Matatu operators are squeezing Kenyan commuters dry — and the numbers prove it. The Taxpayers Association of Kenya called them out on Monday, April 20, warning PSV operators that their exorbitant fare hikes go far beyond what rising fuel costs justify.
Using the Nairobi-Nakuru route as a case study, the lobby laid out the math in brutal detail: operators are pocketing thousands of shillings in extra revenue per trip while hiding behind fuel price shocks. Kenyans, already battling a punishing cost of living, are footing the bill for what the association calls daylight robbery.

Taxpayers Association Breaks Down the Numbers Behind Exorbitant Fare Hikes
The Taxpayers Association of Kenya did not come with vague accusations. They came with a calculator.
Speaking to the media on Monday, April 20, the lobby used the popular Nairobi-Nakuru route to expose the gap between what fuel costs actually increased and what operators are charging commuters.

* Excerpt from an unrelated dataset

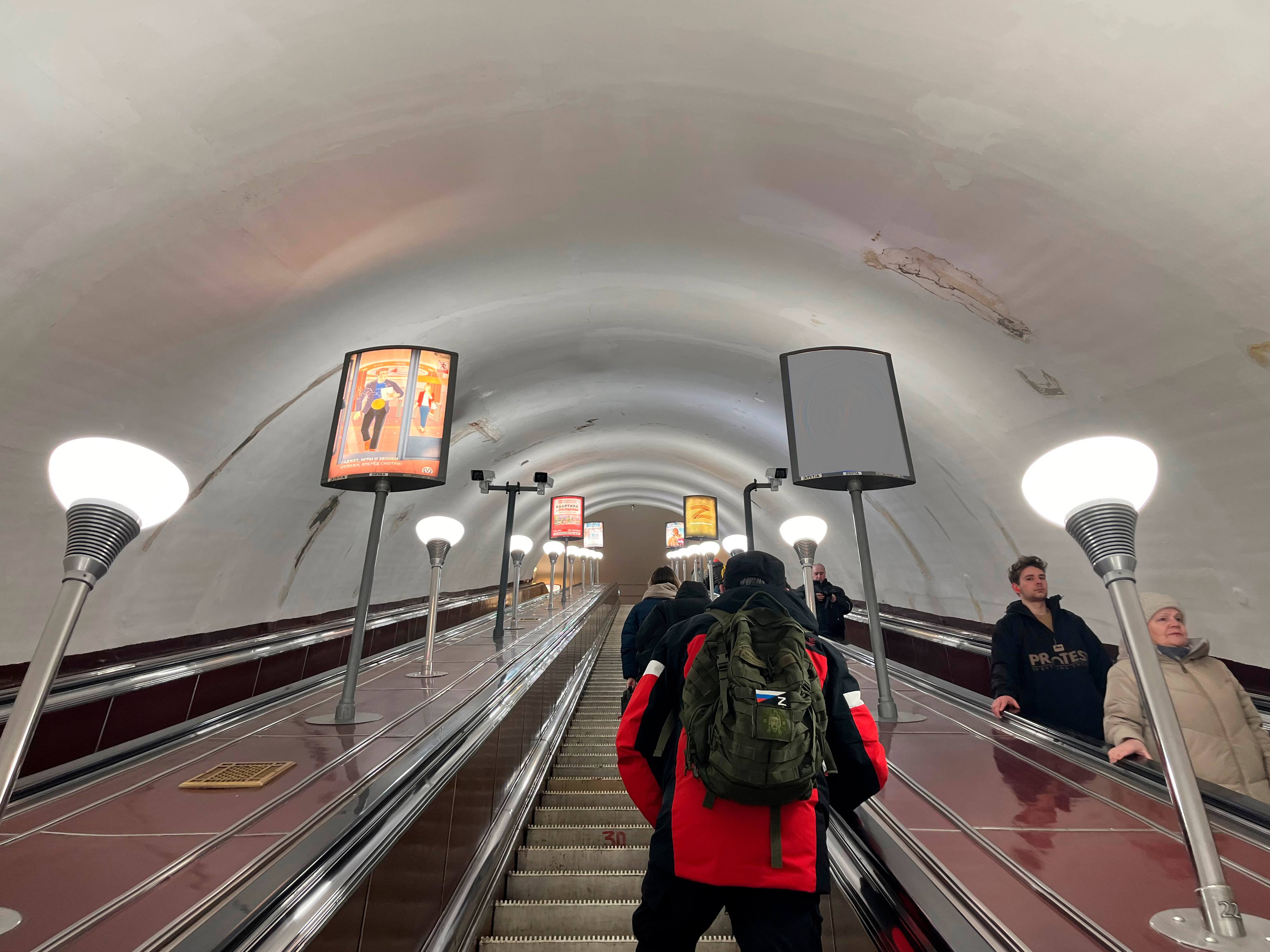 Фотография рекламного носителя, тип: Лайтбокс, адрес: Станция метро «Площадь Ленина», линия Кировско-Выборгская, Санкт-Петербург, Россия. Сторона/вариант А №1606209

A standard 14-seater diesel matatu covering the 160-kilometre route between Nairobi and Nakuru burns approximately 32 litres of diesel for a full round trip of 320 kilometres, assuming an average fuel efficiency of 10 kilometres per litre. With diesel prices rising by KSh 18.35 per liter—from KSh 178 to KSh 196.63—the actual additional fuel expense per round trip comes to roughly KSh 587.
That is the real cost increase. But that is not what operators are charging.

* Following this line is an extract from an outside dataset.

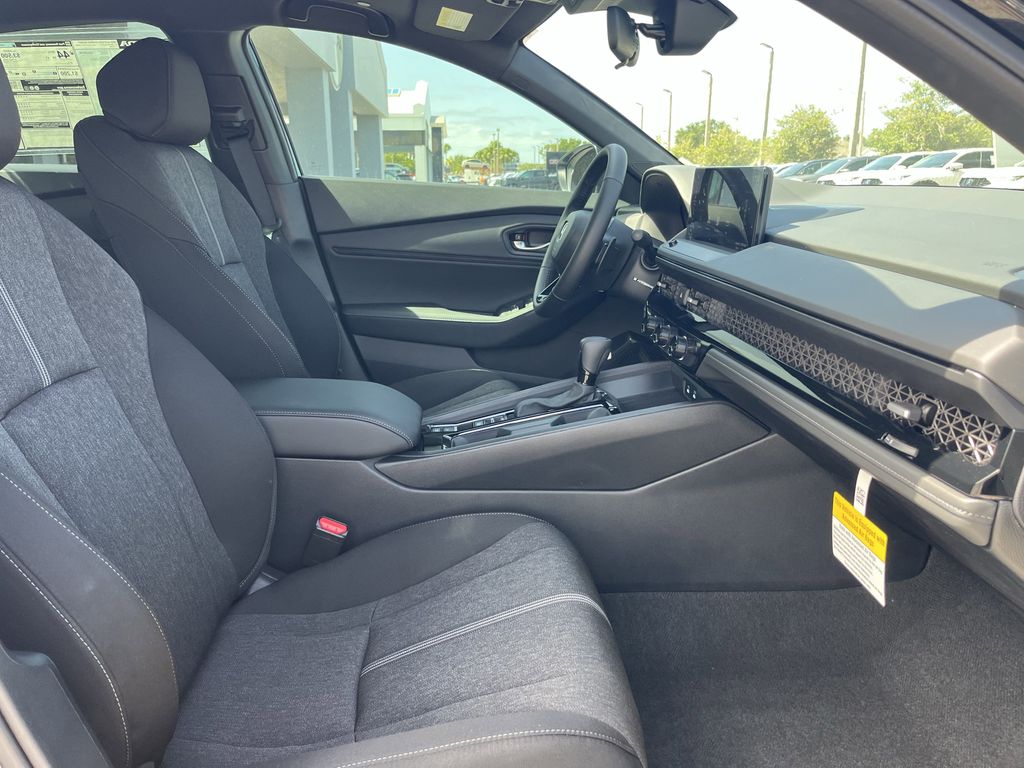new 2025 Honda Accord Hybrid car, priced at $33,456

Operators Pocket Thousands While Blaming Fuel Prices
Some matatu operators on the Nairobi-Nakuru route raised their fares by up to KSh 300 per passenger after the fuel price adjustment. On a fully loaded 14-seater, that translates to an extra KSh 4,200 in revenue per trip.

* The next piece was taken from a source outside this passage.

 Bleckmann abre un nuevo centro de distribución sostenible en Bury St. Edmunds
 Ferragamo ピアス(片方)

The math is stark. An extra KSh 587 in fuel costs. An extra KSh 4,200 in passenger revenue. That leaves operators walking away with over KSh 3,600 more per trip than they need to cover the fuel increase.
“If you do your mathematics rightly, matatus are making exorbitant profits, and this is what we, as a taxpayer association, don’t want to encourage,” the association stated.
The association did not dispute that operators deserve some relief when fuel prices rise. Their argument is simple: adjust fares to match the real cost increase, not to exploit a crisis. “Operators should adjust fares upward only within the recovery margin, not beyond it,” they said.
Operators Ignored the Price Revision That Should Have Brought Fares Down
The situation became harder to defend when the Energy and Petroleum Regulatory Authority (EPRA) stepped in. Matatu operators had already pushed fares up by over 25 percent following an initial diesel price hike of over KSh 40 per litre. The public absorbed that blow.
Then EPRA revised fuel prices downward after the government reduced Value Added Tax on fuel from 13 percent to 8 percent. Pump prices fell. But the matatu operators did not follow. They kept their inflated fares in place and said nothing.
That silence speaks volumes. It confirms what the Taxpayers Association is arguing—that the fare hikes were never purely about recovering fuel costs. They were about profit-taking dressed up as necessity.
The association is now demanding accountability. They challenged matatu saccos to publicly justify their current fare structures using actual fuel cost data. If operators cannot show the numbers, the lobby says regulators must step in.
“This is uncalled for, and we should not continue to really rob Kenyans in broad daylight. So we are calling all the associations to observe this despite the economic challenges that come with the fuel shocks,” the association warned.
Electric Bus Operators Face Questions Too
The Taxpayers Association widened its net beyond diesel-powered matatus. They also questioned why electric bus operators — who run vehicles that do not consume diesel at all — have increased their fares following the fuel price changes.
Electric buses have no direct exposure to diesel price movements. Their operational costs did not rise because of the EPRA fuel review. Yet some electric bus operators still pushed fares higher, using the broader narrative of fuel shocks as cover.
The association flagged this as a separate but equally troubling pattern. If operators who face no fuel cost increase are raising prices anyway, then the industry’s pricing decisions are disconnected from actual costs altogether.
The lobby’s position is clear. Whether an operator runs on diesel or electricity, fare increases must be tied to real, demonstrable cost pressures—not market opportunism.
The Taxpayers Association has put the industry on notice. Self-regulate now, or face regulatory consequences. For millions of Kenyan commuters with no alternative, the stakes could not be higher.